• [REQUIRED WORK]
Everything from the line containing "اصفهان- چشمه لنگان" through the last line of the data below should be set down exactly, and nothing else.

• [SOURCE INFORMATION]
%%

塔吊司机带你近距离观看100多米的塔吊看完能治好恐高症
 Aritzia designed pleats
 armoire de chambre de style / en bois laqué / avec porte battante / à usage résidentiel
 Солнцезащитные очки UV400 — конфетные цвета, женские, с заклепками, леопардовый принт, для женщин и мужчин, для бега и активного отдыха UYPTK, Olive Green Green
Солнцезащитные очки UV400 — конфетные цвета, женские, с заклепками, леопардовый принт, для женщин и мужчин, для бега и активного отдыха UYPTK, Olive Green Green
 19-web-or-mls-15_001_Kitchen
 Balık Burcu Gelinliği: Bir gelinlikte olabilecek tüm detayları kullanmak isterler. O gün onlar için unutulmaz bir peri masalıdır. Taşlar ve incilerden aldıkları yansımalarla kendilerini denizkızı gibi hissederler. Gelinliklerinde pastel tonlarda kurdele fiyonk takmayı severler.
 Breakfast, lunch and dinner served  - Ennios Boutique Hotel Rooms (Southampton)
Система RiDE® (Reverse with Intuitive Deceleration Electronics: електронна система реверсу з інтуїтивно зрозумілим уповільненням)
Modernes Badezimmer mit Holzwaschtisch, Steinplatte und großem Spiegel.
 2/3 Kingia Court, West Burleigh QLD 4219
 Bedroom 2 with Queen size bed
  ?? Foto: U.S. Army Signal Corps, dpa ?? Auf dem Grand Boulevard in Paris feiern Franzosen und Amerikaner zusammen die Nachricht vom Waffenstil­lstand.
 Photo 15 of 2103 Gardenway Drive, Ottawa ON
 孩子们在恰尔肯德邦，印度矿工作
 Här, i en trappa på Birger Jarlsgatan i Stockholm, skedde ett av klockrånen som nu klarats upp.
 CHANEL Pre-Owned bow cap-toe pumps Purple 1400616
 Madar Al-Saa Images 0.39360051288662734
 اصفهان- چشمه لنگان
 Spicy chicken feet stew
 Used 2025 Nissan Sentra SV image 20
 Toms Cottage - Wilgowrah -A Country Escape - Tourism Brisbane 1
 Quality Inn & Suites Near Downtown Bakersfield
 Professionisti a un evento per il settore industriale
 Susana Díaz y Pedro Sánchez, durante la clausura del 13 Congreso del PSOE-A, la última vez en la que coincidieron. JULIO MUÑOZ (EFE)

%%

• [RESPONSE TO THIS TASK]
 اصفهان- چشمه لنگان
 Spicy chicken feet stew
 Used 2025 Nissan Sentra SV image 20
 Toms Cottage - Wilgowrah -A Country Escape - Tourism Brisbane 1
 Quality Inn & Suites Near Downtown Bakersfield
 Professionisti a un evento per il settore industriale
 Susana Díaz y Pedro Sánchez, durante la clausura del 13 Congreso del PSOE-A, la última vez en la que coincidieron. JULIO MUÑOZ (EFE)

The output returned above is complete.